Principal Investigators
Inhaled GM-CSF in CAP-associated ARDS: Analyses of GM-CSF-induced regenerative signatures in the alveolar compartment from patients with viral pneumonia included in the GI-HOPE study
Summary
GM-CSF (granulocyte/macrophage colony-stimulating factor) was found to be highly protective in pre-clinical models of pneumonia-associated lung injury including viral infection. GM-CSF is a key activator of alveolar macrophage and dendritic cell function in the infected alveolar compartment, as it significantly improves gram-positive and gram-negative bacterial clearance and antiviral functions in mice. Moreover, there is first evidence of a beneficial effect of inhaled GM-CSF in patients with severe pneumonia/ARDS. Of note, the presence of a “healthy” microbiome was recently found to be crucial for triggering endogenous alveolar GM-CSF release for activation of alveolar macrophage antimicrobial/antiviral functions. Our recent findings suggest that, beyond its important function in macrophage activation, endogenous as well as intratracheally administered GM-CSF directly impacts the bronchoalveolar epithelial stem cell (BASC) niche during infectious lung injury and drives coordinated regeneration of the alveolar epithelium resulting in restoration of barrier function.
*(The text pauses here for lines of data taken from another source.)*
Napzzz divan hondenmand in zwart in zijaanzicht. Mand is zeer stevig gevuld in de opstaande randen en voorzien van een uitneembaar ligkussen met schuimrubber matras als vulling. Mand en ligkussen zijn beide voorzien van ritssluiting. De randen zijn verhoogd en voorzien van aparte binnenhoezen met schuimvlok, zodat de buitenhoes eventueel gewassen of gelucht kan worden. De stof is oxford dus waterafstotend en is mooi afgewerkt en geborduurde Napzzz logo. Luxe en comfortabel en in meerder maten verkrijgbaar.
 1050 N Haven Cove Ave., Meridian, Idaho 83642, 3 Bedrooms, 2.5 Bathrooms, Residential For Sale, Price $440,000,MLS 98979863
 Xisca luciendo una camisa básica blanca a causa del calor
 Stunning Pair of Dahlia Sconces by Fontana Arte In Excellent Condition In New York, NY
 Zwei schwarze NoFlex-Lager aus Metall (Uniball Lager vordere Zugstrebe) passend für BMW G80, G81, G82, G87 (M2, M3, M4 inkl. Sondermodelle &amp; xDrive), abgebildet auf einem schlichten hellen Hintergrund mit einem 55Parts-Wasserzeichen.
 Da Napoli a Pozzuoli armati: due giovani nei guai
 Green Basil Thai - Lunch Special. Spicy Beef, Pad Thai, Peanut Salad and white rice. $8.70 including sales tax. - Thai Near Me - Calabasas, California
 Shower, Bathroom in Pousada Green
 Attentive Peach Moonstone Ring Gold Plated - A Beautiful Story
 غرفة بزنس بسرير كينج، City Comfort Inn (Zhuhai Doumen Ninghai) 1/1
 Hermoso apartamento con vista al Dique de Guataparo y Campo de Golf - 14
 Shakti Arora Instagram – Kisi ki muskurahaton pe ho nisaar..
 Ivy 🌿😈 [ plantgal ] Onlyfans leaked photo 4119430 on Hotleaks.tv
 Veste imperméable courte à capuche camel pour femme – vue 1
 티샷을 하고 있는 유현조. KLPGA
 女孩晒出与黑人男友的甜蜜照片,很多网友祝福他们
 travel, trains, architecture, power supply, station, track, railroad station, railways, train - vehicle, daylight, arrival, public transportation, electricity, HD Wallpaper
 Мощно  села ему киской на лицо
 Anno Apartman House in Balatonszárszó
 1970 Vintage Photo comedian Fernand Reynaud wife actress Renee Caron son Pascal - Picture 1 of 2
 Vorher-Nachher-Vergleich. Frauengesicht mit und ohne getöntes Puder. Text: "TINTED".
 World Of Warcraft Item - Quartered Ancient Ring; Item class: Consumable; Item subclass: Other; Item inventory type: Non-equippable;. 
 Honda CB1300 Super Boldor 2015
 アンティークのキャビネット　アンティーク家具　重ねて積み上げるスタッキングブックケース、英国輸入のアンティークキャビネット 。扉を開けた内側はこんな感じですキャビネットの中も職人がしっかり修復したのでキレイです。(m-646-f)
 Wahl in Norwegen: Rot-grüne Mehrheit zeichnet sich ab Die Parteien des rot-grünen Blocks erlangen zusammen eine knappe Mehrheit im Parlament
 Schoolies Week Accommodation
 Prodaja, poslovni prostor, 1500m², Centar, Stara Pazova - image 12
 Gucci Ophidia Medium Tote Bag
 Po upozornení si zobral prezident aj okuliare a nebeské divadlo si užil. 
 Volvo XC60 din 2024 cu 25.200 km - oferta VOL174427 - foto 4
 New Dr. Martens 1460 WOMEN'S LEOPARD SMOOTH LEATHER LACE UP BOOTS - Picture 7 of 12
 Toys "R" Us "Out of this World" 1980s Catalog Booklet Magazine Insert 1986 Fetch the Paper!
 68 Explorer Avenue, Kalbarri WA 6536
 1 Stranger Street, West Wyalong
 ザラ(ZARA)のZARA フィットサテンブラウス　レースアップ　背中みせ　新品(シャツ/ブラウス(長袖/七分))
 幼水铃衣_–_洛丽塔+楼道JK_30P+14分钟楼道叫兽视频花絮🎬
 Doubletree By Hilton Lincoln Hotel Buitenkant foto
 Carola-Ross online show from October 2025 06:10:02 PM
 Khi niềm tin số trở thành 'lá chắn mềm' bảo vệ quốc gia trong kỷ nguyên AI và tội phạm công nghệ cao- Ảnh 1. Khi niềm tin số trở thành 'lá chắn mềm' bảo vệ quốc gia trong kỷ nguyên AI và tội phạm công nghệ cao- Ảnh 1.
However, the molecular mechanisms and the stem cell niche components involved in this GM-CSF effect are not well defined.
A placebo-controlled, randomized clinical phase II investigator-initiated trial (GI-HOPE, NCT02595060) currently addresses the adjunctive therapeutic role of aerosolized GM-CSF in patients with pneumonia-related ARDS. In addition to the unique opportunity to evaluate aerosolized GM-CSF treatment effects in the patient sub-cohort with viral pneumonia-induced ARDS, sequential bronchoalveolar lavage fluid (BALF) and flow-sorted BAL cell subsets will be available to profile GM-CSF-induced changes at different levels of experimental complexity. To this end, the sequentially obtained biomaterials from pneumonia patients entering the GI-HOPE study will be combined with available gain- and loss of function transgenic mouse models and murine/human lung organoid models to answer the following questions: (i) What is the impact of GM-CSF application on BALF macrophages regarding subset composition and polarization phenotypes, state of differentiation of bone marrow-derived macrophages into tissue-resident cells to re-establish/regenerate the alveolar macrophage niche, and their transcriptome signatures assessed at single cell resolution in viral pneumonia patients included in the GI-HOPE trial? (ii) What are the molecular mechanisms of epithelial-regenerative effects induced by GM-CSF, and the underlying GM-CSF-dependent cellular cross-talk events between different cellular compartments of the bronchoalveolar stem cell niche? (iii) Is severe viral pneumonia in patients associated with reduced microbiota diversity or shifts in microbiome composition, and does this correlate with reduced endogenous pulmonary GM-CSF expression? Ultimately, these findings are envisioned to result in refined and improved GM-CSF treatment approaches.